Lots of these videos that circulate the web are also up on youtube. So what I did was went there and searched for it. Once I found it, I click the "Embed" button below it, and then copy and paste that code into the post. Lets see if this works....


----------



## El Gato Loco (Jan 15, 2010)

Quick screenshot showing youtube.com and the embed code. Click to enlarge.


----------



## ebbs (Feb 7, 2010)

Should I feel bad for laughing at this? Why didn't the guide have his gun on him?


----------



## On a call (Mar 3, 2010)

Great video !!!!

Ebbs, that guide did have a gun with him. First part of the filming shows him walking with one.

That cat certainly had a good bite on him though. .... Now question is...buck shot or slugs which would you rather have had!

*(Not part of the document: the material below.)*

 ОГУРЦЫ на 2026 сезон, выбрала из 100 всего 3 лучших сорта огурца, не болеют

Me, buck shot hands down 3.5" 00 buck


----------



## hassell (Feb 9, 2010)

Thanks Chris, think I've been on you tube twice, but will remember for next time, that was some fine shooting the first part, the question is did they shoot a cat the first time and the one that attacked was laying in wait, if so the trackers should have seen the extra set or the outfitter should have been better prepared, either way won't recommend them to anyone unless its someone you don't like!!!!!!


----------



## ReidRH (Feb 1, 2010)

Wonder if my Ex would like an African Safari, LOL!!


----------



## ebbs (Feb 7, 2010)

It was crazy that's for sure. Can't imagine what my reaction would be in a moment like that.


----------



## youngdon (Mar 10, 2010)

ReidRH said:


> Wonder if my Ex would like an African Safari, LOL!!

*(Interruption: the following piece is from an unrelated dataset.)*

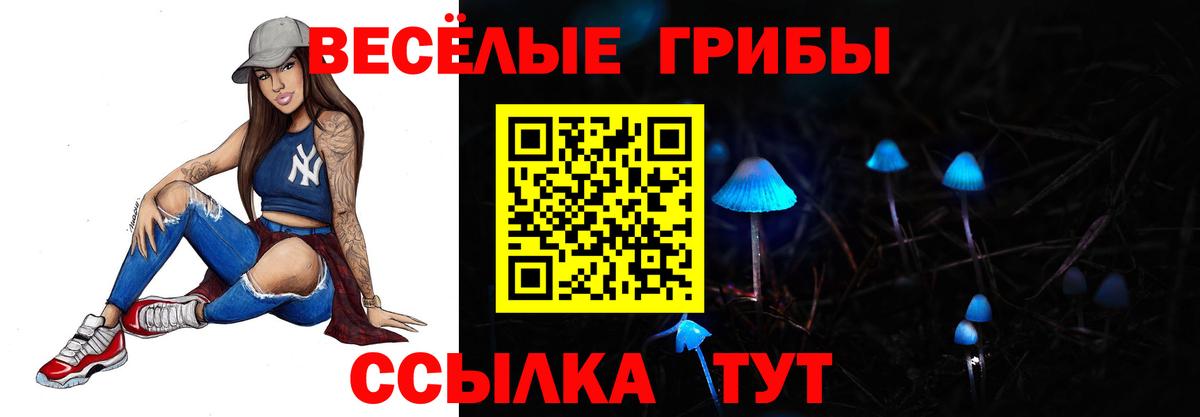 Гулькевичи  Галлюциногенные грибы Cubensis  Вход с VPN  Псилоцибиновые грибы Psilocybe 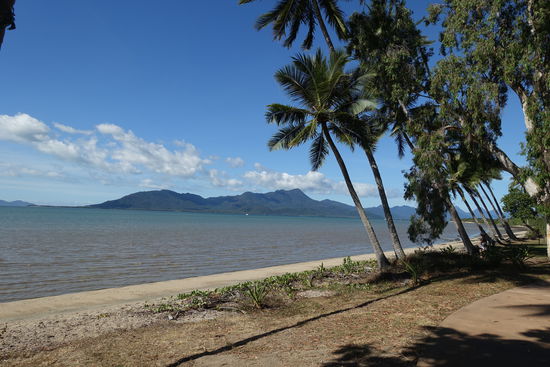 Der schönste Rastplatz in Cardwell mit Blick auf Hinchinbrook Island. Allerdings wird vor schwimmen wegen der Krokodile gewarnt.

Reid, any chance she'd like a partner ? I have just the ex for that.


----------



## youngdon (Mar 10, 2010)

ebbs said:


> It was crazy that's for sure. Can't imagine what my reaction would be in a moment like that.


OH CRAP... OH CRAP!! EWWW crap. lol


----------



## ReidRH (Feb 1, 2010)

Roflmbo maybe we should see if we could hook'em up YD


----------